Áustria ameaça fechar fronteira com Itália por crise imigratória

Áustria quer que Roma faça controle no fluxo imigratório

Em 2015, imigrantes foram bloqueados na passagem entre Áustria e Itália
Em 2015, imigrantes foram bloqueados na passagem entre Áustria e Itália (foto: EPA)
20:34, 07 AbrBOLZANO E BERLIM ZGT

(ANSA) - A Áustria ameaça fechar a fronteira com a Itália se o governo de Roma não tomar medidas efetivas para controlar a chegada de imigrantes, que deve ter seu ápice nos próximos meses.

 

"A Itália não pode contar com o fato de que [a passagem de] Brennero permaneça aberto se chegar um fluxo incontrolado de imigrantes. Como fizeram os países da rota balcânica, Eslovênia, Croácia e Macedônia, queremos informar também à Itália sobre as medidas que tomaremos se houver um fluxo incontrolável de imigrantes da Itália para a Áustria", afirmou a ministra do Interior, Johanna Mikl-Leitner, à agência de notícias local APA.

 

A representante do governo austríaco fará uma viagem nesta sexta-feira (08) para Roma onde se reunirá com seu homólogo italiano, Angelino Alfano, para debater assuntos referentes ao tema.

 

Segundo Mikl-Leitner, seu país quer saber quais são as medidas que estão sendo tomadas pelas autoridades italianas para o "problema". Pelos cálculos dos governantes, o número de estrangeiros para 2016 pode "dobrar" se nenhuma medida for tomada.

 

A partir de março até dezembro, a Itália volta a ter destaque entre os países que recebem imigrantes ilegais por ser o período em que as águas do Mar Mediterrâneo estão em melhores condições do que no início do ano.

 

Quem também comentou o caso foi o ministro das Relações Exteriores de Viena, Sebastian Kurz, que foi para a região de Bolzano em um encontro com governadores locais.
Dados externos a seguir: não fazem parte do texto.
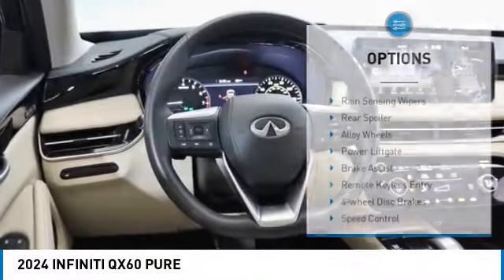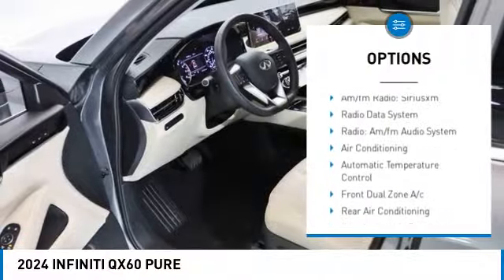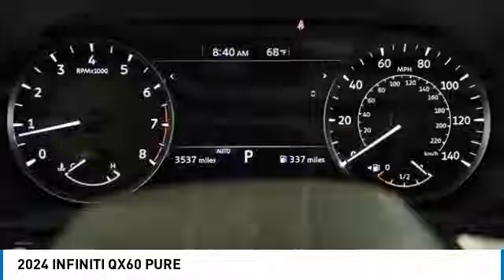Here are some of this vehicle's great options: rain-sensing wipers, rear spoiler, alloy wheels, power liftgate, brake assist, remote keyless entry, four-wheel disc brakes, speed control, power moonroof, and electronic stability control.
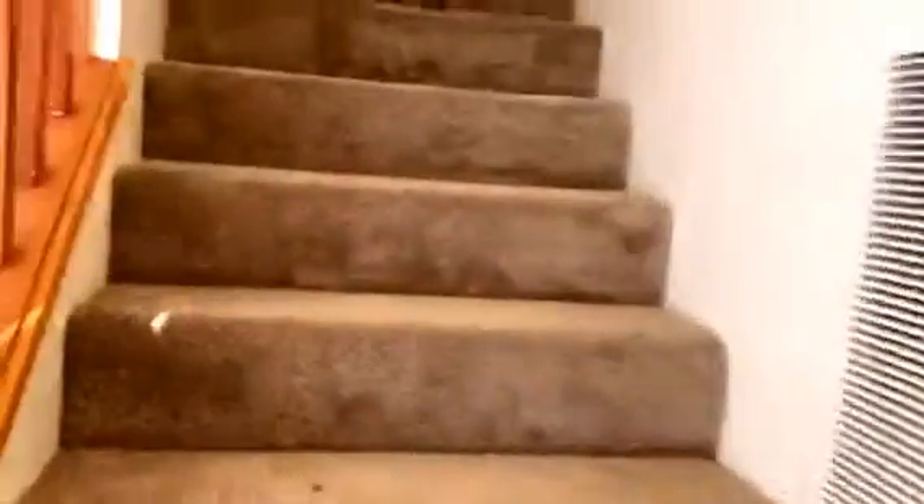Brand new carpet. A full bath. And this is the smaller room — new windows, new blinds, fresh paint.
Para ele, é preciso que Roma entenda que o "deixar passar" de deslocados "não resolver o problema, só o aumenta".

 

"A Áustria não pode permitir um novo 2015, quando acolheu 90 mil pessoas. Em comparação, é como se a Itália recebesse em um ano 600 mil pessoas. Estou convicto de que os controles em Brennero ainda podem ser evitados, mesmo se a Europa quiser e introduzir verdadeiros controles ao longo das fronteiras", ressaltou.

 

Só em 2015, a Itália foi porta de entrada para mais de 150 mil pessoas que fugiam das guerras, da miséria e de perseguições, especialmente, de países do norte da África, do Afeganistão e do Iraque. (ANSA)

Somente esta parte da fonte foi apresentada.